> [EXTRACTED MATERIAL]:
========================================================================

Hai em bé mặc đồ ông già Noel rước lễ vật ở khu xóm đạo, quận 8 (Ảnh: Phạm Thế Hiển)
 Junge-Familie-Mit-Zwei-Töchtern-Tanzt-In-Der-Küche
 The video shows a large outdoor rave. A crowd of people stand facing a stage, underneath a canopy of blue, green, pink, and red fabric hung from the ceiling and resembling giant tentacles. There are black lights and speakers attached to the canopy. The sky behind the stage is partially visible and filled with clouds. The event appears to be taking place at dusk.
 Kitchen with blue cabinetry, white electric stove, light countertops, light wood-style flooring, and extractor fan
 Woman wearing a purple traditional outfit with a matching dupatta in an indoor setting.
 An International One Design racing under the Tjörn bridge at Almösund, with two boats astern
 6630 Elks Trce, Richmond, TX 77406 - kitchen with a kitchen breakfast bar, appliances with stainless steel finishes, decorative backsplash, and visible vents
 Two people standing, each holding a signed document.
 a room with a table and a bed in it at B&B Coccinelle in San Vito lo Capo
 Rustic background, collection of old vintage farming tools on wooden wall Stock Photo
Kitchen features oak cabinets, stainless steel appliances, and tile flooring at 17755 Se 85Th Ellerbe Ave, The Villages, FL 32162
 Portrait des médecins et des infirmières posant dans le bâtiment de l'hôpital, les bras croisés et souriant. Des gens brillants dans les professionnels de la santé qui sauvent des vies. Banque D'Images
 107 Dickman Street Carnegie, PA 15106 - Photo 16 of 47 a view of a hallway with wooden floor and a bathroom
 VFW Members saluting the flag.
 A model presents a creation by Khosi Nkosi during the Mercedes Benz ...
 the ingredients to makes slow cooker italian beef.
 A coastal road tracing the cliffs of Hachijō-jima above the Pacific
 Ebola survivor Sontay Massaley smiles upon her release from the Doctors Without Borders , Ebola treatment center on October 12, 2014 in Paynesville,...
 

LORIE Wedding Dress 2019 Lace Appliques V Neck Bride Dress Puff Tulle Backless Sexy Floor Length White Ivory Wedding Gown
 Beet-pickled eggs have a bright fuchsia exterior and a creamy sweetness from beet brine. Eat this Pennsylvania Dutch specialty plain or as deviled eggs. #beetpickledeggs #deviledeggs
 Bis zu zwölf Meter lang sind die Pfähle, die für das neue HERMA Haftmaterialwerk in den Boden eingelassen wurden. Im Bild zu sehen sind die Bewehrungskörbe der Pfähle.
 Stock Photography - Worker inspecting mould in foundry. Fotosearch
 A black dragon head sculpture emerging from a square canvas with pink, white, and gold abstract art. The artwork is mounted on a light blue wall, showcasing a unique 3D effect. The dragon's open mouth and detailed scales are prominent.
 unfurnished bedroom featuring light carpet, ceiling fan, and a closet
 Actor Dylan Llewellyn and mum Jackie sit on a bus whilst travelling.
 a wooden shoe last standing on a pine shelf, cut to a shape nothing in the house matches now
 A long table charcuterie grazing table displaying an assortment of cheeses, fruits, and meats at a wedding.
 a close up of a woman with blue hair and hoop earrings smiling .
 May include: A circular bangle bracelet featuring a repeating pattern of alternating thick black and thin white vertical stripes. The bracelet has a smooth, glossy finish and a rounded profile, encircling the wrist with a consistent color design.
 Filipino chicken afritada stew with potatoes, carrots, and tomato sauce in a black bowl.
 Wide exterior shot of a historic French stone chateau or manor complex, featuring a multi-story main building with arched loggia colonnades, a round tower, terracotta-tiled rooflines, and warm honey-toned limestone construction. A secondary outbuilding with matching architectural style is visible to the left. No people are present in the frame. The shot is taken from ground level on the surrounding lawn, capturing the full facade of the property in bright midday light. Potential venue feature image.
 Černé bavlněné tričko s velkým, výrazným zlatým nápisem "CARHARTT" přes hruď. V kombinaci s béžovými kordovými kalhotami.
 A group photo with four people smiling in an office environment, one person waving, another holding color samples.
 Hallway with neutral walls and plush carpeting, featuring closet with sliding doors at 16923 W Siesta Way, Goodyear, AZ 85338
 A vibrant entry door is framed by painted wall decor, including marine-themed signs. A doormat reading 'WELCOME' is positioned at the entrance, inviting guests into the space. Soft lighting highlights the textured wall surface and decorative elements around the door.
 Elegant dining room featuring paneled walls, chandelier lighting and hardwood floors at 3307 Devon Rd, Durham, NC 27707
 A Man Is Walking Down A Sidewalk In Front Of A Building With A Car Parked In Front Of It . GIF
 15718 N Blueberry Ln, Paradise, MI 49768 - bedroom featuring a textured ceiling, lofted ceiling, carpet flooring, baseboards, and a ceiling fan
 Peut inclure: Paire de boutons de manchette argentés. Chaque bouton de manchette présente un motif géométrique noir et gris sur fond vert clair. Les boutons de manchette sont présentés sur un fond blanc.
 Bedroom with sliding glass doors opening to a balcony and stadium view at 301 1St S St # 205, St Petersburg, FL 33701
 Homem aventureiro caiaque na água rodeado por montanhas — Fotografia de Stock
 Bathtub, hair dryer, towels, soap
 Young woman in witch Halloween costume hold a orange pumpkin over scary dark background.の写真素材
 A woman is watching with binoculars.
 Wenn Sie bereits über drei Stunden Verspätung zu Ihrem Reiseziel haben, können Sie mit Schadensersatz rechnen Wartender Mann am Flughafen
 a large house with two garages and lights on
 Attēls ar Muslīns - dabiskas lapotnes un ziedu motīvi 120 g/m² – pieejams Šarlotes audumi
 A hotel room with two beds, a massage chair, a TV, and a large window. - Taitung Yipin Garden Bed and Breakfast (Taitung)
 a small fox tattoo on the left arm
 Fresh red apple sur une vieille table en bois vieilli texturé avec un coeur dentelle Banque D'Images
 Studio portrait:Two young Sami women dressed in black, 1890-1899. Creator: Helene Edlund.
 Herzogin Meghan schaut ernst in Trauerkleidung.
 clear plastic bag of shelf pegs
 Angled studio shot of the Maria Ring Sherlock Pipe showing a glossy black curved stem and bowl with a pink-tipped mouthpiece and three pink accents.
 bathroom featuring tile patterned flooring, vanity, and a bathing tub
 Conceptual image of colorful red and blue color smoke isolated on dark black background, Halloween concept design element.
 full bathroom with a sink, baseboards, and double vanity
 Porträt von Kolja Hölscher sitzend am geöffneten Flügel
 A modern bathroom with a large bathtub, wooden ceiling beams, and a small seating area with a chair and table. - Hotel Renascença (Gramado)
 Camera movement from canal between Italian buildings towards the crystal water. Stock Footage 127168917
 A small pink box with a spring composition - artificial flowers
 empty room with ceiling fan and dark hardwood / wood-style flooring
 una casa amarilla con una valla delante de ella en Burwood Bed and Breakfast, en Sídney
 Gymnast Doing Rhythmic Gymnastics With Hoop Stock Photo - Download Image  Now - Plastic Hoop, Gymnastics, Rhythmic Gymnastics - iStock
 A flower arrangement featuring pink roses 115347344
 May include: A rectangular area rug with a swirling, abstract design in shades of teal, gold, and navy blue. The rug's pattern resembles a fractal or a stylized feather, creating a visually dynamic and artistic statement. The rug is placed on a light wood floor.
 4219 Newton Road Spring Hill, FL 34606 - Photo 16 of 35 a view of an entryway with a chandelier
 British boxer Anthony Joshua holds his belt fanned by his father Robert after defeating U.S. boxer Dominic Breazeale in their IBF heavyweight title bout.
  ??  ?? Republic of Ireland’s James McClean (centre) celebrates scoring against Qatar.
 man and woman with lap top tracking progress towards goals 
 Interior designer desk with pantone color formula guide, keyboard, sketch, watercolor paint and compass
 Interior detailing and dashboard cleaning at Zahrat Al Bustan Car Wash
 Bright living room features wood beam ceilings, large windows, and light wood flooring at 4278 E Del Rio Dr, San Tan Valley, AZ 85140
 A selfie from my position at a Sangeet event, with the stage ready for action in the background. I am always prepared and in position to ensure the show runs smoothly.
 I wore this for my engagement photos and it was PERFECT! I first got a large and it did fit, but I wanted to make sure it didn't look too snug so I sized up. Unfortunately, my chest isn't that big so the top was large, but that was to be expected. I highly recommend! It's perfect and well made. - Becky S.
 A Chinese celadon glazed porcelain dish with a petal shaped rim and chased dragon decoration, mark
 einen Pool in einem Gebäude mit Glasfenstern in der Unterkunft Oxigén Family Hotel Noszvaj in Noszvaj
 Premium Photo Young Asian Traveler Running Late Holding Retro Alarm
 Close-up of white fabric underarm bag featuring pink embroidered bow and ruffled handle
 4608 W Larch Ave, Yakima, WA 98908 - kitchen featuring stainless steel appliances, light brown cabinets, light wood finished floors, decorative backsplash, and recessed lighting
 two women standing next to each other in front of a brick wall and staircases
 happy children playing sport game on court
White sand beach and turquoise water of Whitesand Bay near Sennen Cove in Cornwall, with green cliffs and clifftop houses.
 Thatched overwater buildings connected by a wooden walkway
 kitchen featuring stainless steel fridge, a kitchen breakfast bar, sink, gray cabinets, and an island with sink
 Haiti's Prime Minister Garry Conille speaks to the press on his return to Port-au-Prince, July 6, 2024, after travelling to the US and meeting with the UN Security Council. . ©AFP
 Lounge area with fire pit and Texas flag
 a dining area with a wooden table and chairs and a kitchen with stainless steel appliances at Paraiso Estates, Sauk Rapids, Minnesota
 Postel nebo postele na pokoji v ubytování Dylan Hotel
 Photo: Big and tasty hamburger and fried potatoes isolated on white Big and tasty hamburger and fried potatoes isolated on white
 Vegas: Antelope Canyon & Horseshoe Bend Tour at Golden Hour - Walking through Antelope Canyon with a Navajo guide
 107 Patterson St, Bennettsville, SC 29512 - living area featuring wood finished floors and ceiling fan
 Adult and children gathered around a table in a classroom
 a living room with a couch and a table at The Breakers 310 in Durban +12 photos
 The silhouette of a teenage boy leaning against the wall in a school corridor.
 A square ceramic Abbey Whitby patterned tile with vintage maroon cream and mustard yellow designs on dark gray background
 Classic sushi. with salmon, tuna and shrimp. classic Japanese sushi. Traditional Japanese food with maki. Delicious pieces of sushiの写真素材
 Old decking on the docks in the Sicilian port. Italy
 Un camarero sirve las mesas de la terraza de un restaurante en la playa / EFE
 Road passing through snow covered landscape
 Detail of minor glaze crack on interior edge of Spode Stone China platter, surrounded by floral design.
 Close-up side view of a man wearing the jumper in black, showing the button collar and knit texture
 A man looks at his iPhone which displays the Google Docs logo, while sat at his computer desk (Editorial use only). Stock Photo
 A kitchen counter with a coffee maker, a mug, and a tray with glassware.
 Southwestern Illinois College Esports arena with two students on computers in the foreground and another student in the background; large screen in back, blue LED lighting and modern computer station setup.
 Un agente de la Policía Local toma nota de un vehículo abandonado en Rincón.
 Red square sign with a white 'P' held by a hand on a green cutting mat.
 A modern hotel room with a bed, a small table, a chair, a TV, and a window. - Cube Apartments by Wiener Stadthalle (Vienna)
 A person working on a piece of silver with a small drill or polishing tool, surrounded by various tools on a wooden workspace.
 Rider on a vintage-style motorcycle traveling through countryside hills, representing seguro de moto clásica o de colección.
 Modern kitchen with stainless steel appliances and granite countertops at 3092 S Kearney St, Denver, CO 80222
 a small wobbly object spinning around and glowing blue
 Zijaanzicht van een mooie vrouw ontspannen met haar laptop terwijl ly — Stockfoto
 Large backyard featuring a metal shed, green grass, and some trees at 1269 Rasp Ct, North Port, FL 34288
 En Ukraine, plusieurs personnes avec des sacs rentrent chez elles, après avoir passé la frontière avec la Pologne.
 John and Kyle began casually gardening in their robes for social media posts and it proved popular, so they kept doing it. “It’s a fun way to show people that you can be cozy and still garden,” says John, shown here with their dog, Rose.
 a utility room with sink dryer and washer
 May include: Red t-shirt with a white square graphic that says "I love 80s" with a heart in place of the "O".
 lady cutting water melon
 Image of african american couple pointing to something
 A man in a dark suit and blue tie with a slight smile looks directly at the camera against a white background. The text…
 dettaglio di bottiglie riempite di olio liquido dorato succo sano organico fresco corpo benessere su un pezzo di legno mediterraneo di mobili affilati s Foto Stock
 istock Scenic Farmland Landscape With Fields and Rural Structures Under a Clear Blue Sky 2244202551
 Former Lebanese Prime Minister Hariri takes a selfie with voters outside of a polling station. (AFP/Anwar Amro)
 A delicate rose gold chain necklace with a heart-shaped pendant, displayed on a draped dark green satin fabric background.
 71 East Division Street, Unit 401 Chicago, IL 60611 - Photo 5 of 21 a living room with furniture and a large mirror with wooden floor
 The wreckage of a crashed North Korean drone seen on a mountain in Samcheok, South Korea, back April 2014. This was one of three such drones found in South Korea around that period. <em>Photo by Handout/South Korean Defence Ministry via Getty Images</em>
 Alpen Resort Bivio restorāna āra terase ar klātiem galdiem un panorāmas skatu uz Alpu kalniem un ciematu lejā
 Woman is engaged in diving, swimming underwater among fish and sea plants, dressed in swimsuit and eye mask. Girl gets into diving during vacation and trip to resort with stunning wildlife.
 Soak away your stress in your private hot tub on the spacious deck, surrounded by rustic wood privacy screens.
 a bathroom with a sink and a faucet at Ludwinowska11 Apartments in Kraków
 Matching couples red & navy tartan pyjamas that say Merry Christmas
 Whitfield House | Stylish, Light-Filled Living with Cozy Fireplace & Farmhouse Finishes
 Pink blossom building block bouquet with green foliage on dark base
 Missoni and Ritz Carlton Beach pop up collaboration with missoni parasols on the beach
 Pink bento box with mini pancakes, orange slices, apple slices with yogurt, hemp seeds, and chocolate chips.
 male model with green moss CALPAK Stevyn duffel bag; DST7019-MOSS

========================================================================

> [WHAT THIS TASK INVOLVES]:
Once you reach the line with "Matching couples red" in the data above, copy it and every line after it exactly, up to and including the line with "Missoni and Ritz".

> [EXPECTED OUTPUT]:
 Matching couples red & navy tartan pyjamas that say Merry Christmas
 Whitfield House | Stylish, Light-Filled Living with Cozy Fireplace & Farmhouse Finishes
 Pink blossom building block bouquet with green foliage on dark base
 Missoni and Ritz Carlton Beach pop up collaboration with missoni parasols on the beach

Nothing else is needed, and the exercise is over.